--- Data listing ---

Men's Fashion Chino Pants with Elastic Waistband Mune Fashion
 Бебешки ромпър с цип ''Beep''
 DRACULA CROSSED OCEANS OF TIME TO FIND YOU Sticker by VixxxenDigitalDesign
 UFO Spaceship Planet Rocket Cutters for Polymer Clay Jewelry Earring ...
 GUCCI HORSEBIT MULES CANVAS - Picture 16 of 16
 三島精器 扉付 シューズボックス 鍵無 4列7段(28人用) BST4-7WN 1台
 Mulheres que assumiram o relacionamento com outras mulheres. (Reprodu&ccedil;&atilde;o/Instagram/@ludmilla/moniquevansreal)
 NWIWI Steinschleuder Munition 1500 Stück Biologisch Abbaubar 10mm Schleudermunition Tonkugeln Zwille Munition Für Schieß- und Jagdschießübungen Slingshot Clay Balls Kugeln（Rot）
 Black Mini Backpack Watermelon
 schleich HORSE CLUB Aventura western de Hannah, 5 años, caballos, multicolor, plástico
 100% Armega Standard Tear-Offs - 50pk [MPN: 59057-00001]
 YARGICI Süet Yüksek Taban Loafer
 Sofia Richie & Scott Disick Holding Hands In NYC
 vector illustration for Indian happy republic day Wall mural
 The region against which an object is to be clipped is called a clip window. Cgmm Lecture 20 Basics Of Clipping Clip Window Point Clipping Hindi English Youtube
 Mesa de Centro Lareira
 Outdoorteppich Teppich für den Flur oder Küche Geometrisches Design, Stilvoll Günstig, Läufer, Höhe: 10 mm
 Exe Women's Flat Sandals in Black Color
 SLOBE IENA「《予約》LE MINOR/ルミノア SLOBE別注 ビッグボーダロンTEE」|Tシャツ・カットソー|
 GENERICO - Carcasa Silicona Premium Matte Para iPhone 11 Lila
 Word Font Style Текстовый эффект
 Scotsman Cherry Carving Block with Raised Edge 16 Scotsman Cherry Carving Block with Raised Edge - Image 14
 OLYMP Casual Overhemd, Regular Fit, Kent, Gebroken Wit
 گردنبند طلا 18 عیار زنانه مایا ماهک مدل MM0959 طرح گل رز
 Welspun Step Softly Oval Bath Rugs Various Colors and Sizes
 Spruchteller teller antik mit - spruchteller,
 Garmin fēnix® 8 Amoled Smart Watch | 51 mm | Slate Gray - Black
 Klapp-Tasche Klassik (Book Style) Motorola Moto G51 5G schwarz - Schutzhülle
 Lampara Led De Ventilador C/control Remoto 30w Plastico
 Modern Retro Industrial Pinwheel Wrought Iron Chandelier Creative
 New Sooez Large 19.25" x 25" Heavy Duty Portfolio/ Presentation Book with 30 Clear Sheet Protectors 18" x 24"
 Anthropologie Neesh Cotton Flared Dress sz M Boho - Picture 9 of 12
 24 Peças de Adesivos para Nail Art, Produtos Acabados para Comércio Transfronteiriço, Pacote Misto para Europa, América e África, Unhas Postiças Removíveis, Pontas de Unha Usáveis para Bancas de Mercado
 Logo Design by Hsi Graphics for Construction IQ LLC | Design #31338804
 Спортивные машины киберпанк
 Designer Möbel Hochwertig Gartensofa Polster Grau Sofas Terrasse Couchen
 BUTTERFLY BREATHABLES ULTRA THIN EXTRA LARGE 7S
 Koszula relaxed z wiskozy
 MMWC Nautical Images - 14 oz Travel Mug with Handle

---

Write the opening line of the data above and every line after it, exactly, stopping once you have written the line with "三島精器 扉付 シューズボックス 鍵無 4列7段(28人用) BST4-7WN 1台".

Men's Fashion Chino Pants with Elastic Waistband Mune Fashion
 Бебешки ромпър с цип ''Beep''
 DRACULA CROSSED OCEANS OF TIME TO FIND YOU Sticker by VixxxenDigitalDesign
 UFO Spaceship Planet Rocket Cutters for Polymer Clay Jewelry Earring ...
 GUCCI HORSEBIT MULES CANVAS - Picture 16 of 16
 三島精器 扉付 シューズボックス 鍵無 4列7段(28人用) BST4-7WN 1台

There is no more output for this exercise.